Okay, so instead of using a version number we use a random transaction stamp (this could be a random number plus some hashed in data that is being transacted, etc. to make it really unique). Then instead of a version number property, we add a transaction stamp list that holds, for example, the last 5 or 10 stamps, or however many you want.

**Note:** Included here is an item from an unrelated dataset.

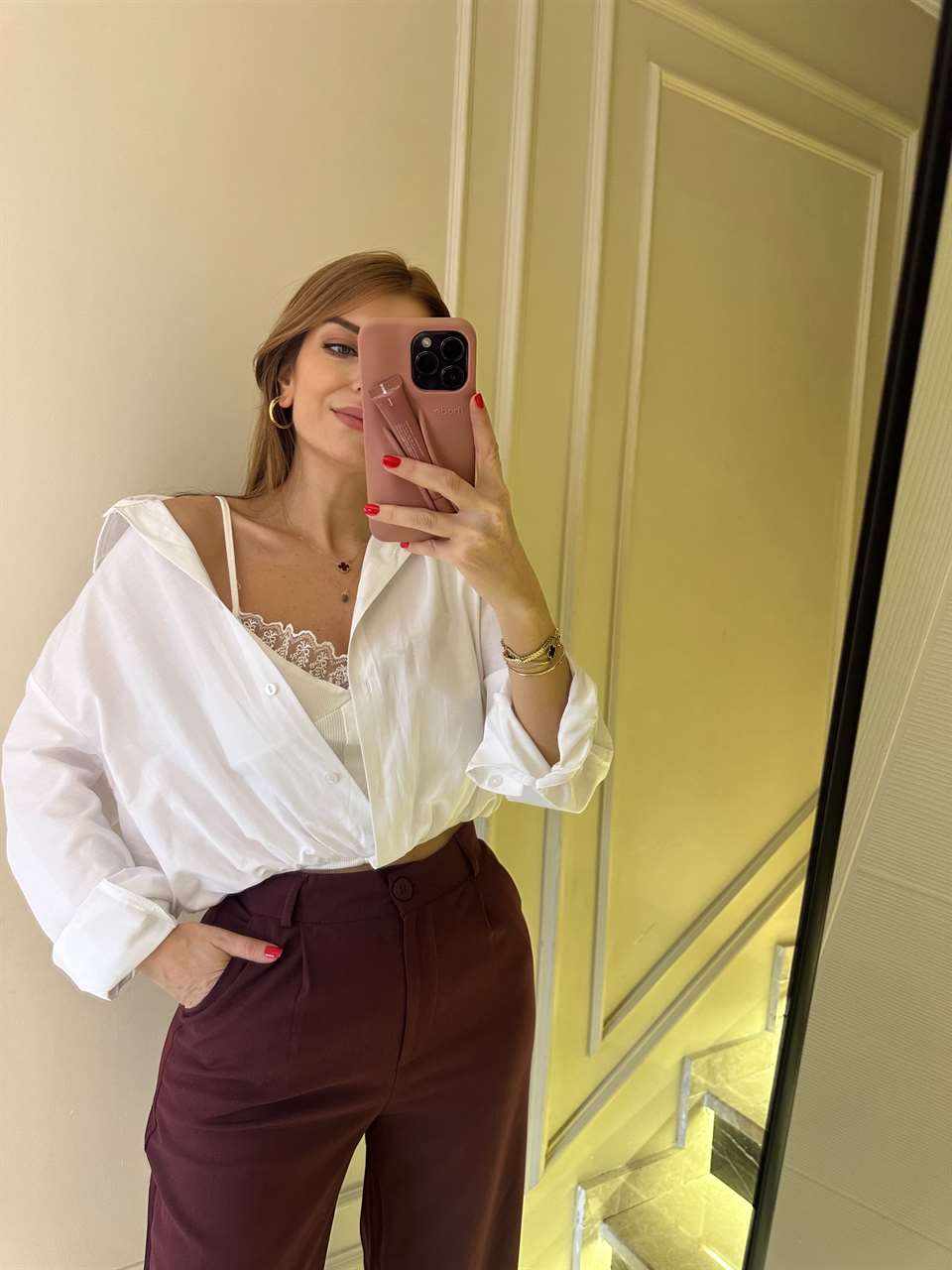 Beyaz Dantel Bluz Detay İkili Crop Gömlek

So it goes like this:

1.) open a transaction 
2.) perform update
3.) add unique transaction stamp to list, if list has reached maximum remove the oldest one (FIFO).
4.) commit transaction
5.) if everything is fine, go on our merry way
6.) if exception is generated, then re-query the entity if the entity has "our" unique timestamp in its list then the transaction really did succeed, if not then the transaction really did fail. 

Well, that's my idea,
Stephen
CortexConnect

Stephen Johnson

unread,
Jul 28, 2011, 1:31:34 PM7/28/11
to google-a...@googlegroups.com
Oops, I meant that "your transaction is NOT idempotent", duh.

Joshua Smith

unread,
Jul 28, 2011, 1:48:25 PM7/28/11
to google-a...@googlegroups.com

> 6.) if exception is generated, then re-query the entity if the entity has "our" unique timestamp in its list then the transaction really did succeed, if not then the transaction really did fail.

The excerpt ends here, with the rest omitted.